Quants- Multicollinearity

I have a question on how to detect multicollinearity?

As per my understanding, F stat should be significant, R2 should be high and individual coeff. should not be significant.

In order for multicollinearity to be present, are all 3 requirements (high R2, significant F-stat, insignificant t-tests) need to be satisfied?

  1. What is the threshold to consider R2 as a high value?

  2. in below example one coefficient is insignificant, whereas one is significant. For multicollinearity to be present are all coefficients need to be insignificant?

for ex:

R2 is 0.414

F stat is significant

out of 2 coeff, 1 coefficient is significant

correlation between 2 independent variables is 0.015

CFA online practice question no 4 says that multicollinearity is not present. But why?

The best way to detect multicollinearity is when the model as a whole is “significant” (F-test) but individually independent variables are insignificant (T-test). The R2 most of the time would be high, but it’s not necessary to be 90% to have multicollinearity.

Yes, that’s what my understanding is. So in the example I mentioned, F stat is significant. Also, out of the 2 coefficients, 1 is significant and 1 is not. So, does that mean one of the significant coefficient (t stat) is contributing to high F stat and that’s why there is no multicollinearity?

I hope I’m not confusing you here!

You may be confusing necessary conditions and sufficient conditions. None of the conditions you list is necessary.

There’s no reason that R2 need be high: you can have a well-fitting model with multicollinearity or a poorly-fitting model with multicollinearity.

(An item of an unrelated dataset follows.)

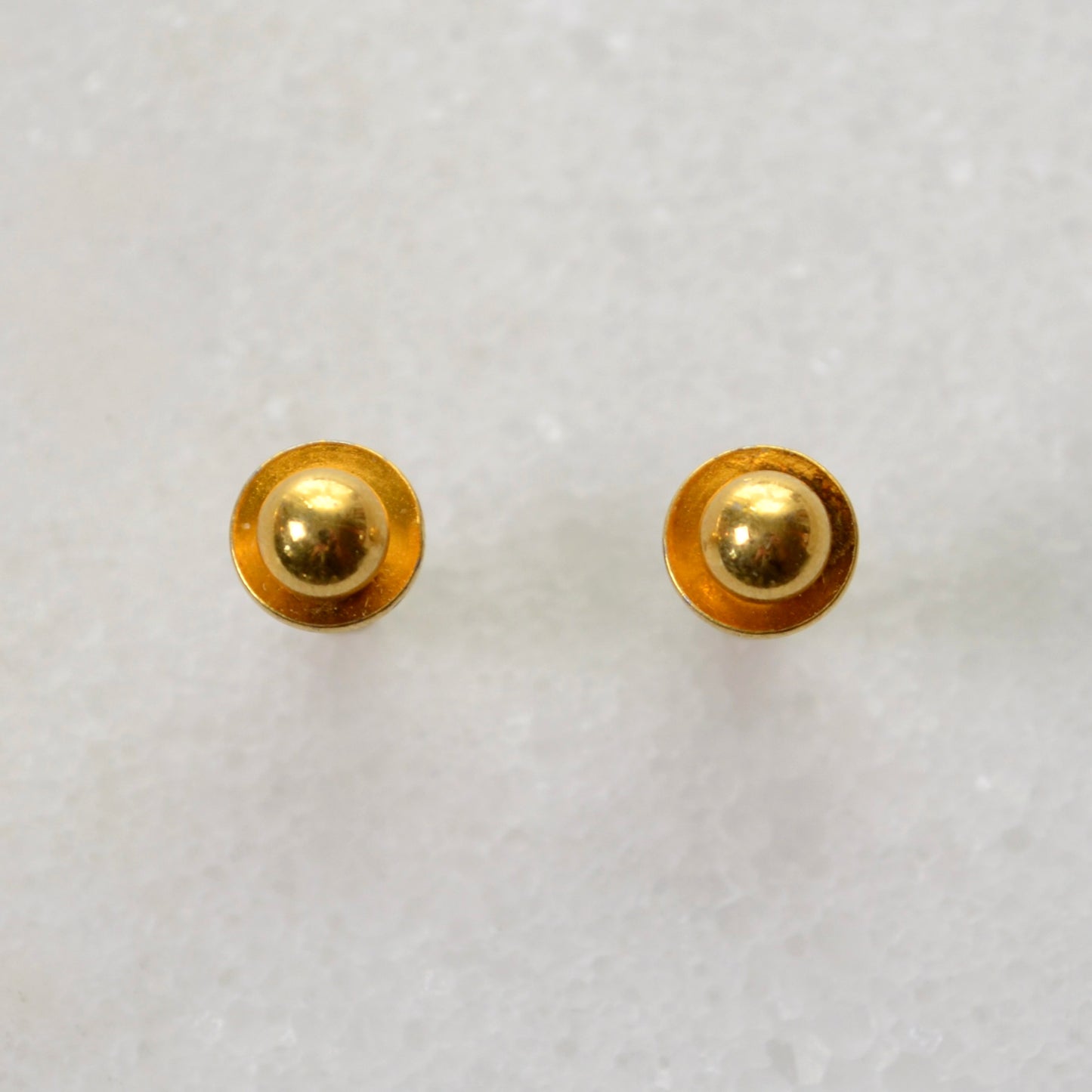Gold Ball and Disc Post Earrings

Similarly, the F statistic need not be significant, and the individual slope coefficients need not be insignificant.

Having a significant F statistic and (all) insignificant slope coefficients is sufficient to conclude multicollinearity, but not necessary.

High correlation between input variables is evidence of multicollinearity.

Why?

The extremely low correlation between the two input variables is prima facie evidence that there’s no multicollinearity.

Thanks S2000magician! That makes a lot of sense now.

My pleasure.

For OP, feel free to search threads where I’ve commented extensively on this.

The CFAI is incredibly terrible with presenting MC.

Multicollinearity is an aggregate picture. This is a frustrating topic for me because for years they’ve refused to change portions of their curriculum here where they’ve ignored many substantial, credible references I gave them on multicollinearity.

S2000 has helped here, but there’s a lot left out of the discussion (better indicators that multicollinearity is present in a problematic manner when coefficients have magnitudes or signs that are different from expected or that change dramatically when removing some of the potentially collinear predictors).

CFA Institute’s quant curriculum and standards are leaving a lot to be desired for a “World Class Education”, but S2000 has handled some of the specifics in the thread. Again, as he said, R2 isn’t “generally going to be high” when MC is a probleml; that’s just not true at all.

Thanks @tickersu

will keep this in mind-

(better indicators that multicollinearity is present in a problematic manner when coefficients have magnitudes or signs that are different from expected or that change dramatically when removing some of the potentially collinear predictors).